More than one-third (36 percent) of the investor respondents indicated that they generally consider the practice of holding “hybrid” shareholder meetings to be acceptable, but not “virtual-only” shareholder meetings. Another 32 percent of the investor respondents indicated that the practice of holding “hybrid” shareholder meetings is acceptable, and that they would also be comfortable with “virtual-only” shareholder meetings if they provided the same shareholder rights as a physical meeting.
– Pay Ratio Disclosures – ISS asked respondents how they intend to analyze data on pay ratios. Somewhat surprisingly, only 16 percent indicated that they are not planning to make use of this new information. Nearly three-quarters of the investor respondents indicated that they intend to either compare the ratios across companies/industry sectors, or assess year-on-year changes in the ratio at an individual company or use both of these methodologies. Of the 12 percent of investors who selected “other” as their response, some of them indicated a wait-and-see approach while other comments indicated uncertainty or concerns regarding the usefulness of the pay ratio data. Among non-investor respondents, a plurality (44 percent) expressed doubt about the usefulness of such pay ratio data.

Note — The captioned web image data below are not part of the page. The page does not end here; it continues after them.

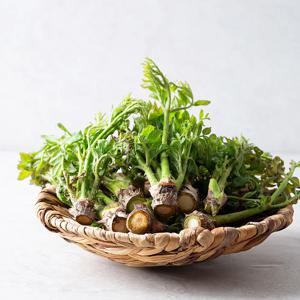 당일수확 전남 고흥 참두릅 500g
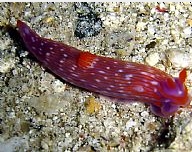 Photo: B. & S. Koretz, Eilat, May 2005; compare in Sea Slug Forum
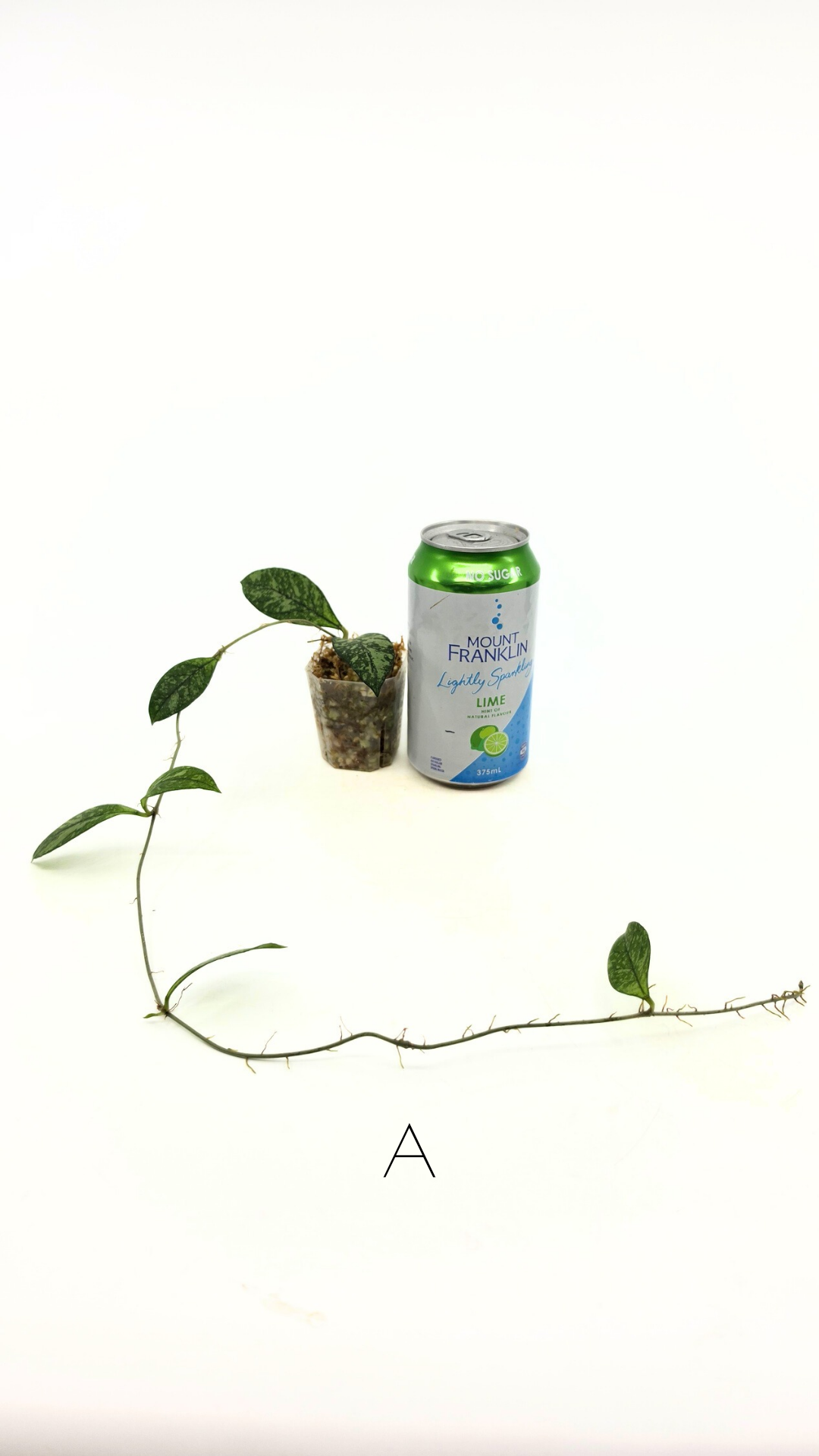 Rare waxplant Hoya Crassipetiolata Splash available for sale at rare indoor plant shop The Leaf Gallery in Perth, Western Australia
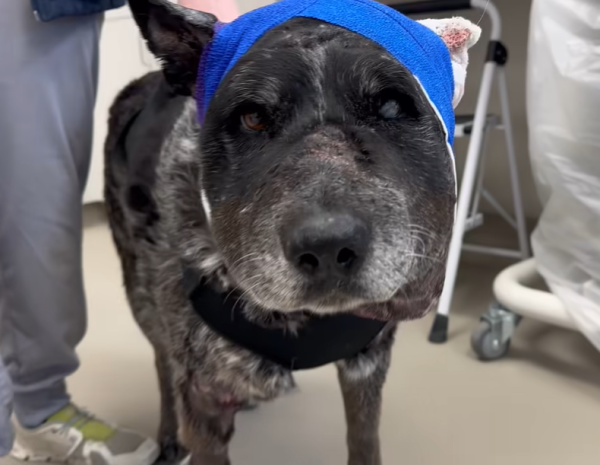 美國12歲半盲老狗護主大戰黑熊 臉遭撕開拼死肉搏 化身戰神救下60命 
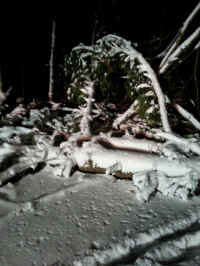 655 Tree Down 3.jpg (1098786 bytes)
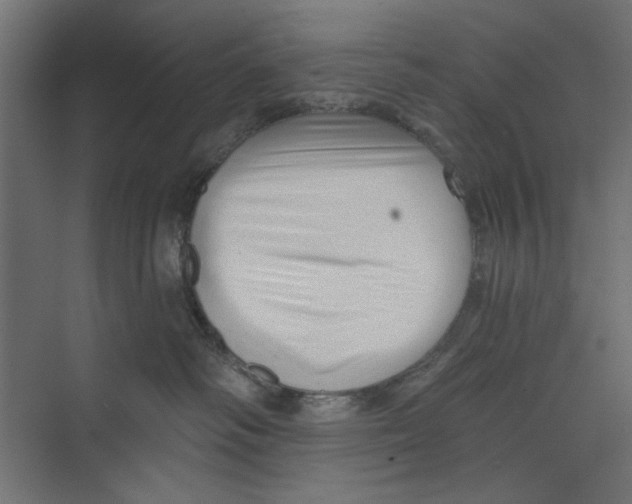 X0000073830334200609071521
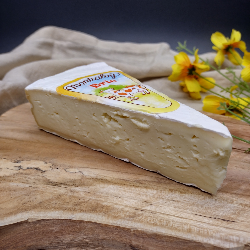 Brie au lait pasteurisé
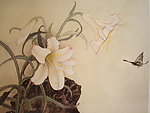 蝶恋花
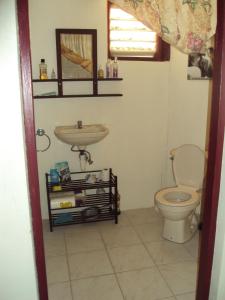 CalibishieRiversideview House的一间带卫生间和水槽的浴室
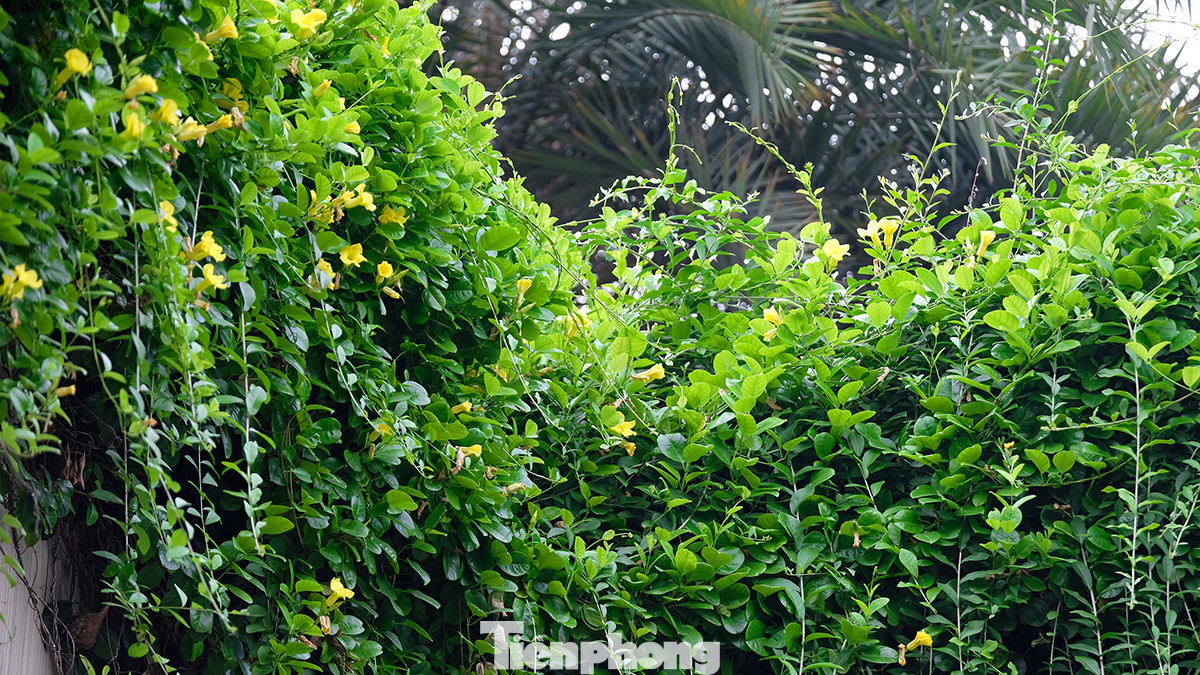 Chính thảm xanh của cây cúc tần Ấn Độ được trồng một cách khoa học và hợp lý đã tạo một nét độc đáo cho đoạn đường này.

Say-on-Pay: Despite Few “Failures,” 12-14% Run Into Problems
Here’s the intro from this interesting blog by Davis Polk’s Ning Chiu:
Although the failure rate for 2017 say-on pay results achieved an all-time low of just 1.3%, the number belies the fact that more than 2,000 say-on pay proposals have either received negative recommendations from ISS or less than 70% support, or both, since say-on-pay resolutions started in 2011.
Approximately 12% to 14% of companies run into problems every year. As companies have become more proactive with shareholder engagement, the number of companies that received “against” recommendations from ISS and still achieved more than 70% support has increased in the last three years, while the number of companies with those negative recommendations that received less than 70% favorable votes have fallen. What may be most surprising to companies, however, is that about 10 to 15 companies each year received positive endorsement from ISS and still obtained less than 70% support.
For those registered for the upcoming “Pay Ratio & Proxy Disclosure Conference,” we have just posted this invaluable set of course materials: The “Pay Ratio Employee Considerations” Guide. For many companies, the biggest issue related to the new pay ratio rule is how to message employees who might be angry about how their pay relates to the pay ratio median – not to mention the CEO’s pay package.
We decided to release these course materials early since so many are grappling now with the type of issues addressed in this “How to” manual. This topic will be addressed numerous times during the two days of the upcoming “Pay Ratio & Proxy Disclosure Conference” in mid-October – and it will also be addressed in our third pre-conference webcast coming up next week (on Wednesday, September 27th).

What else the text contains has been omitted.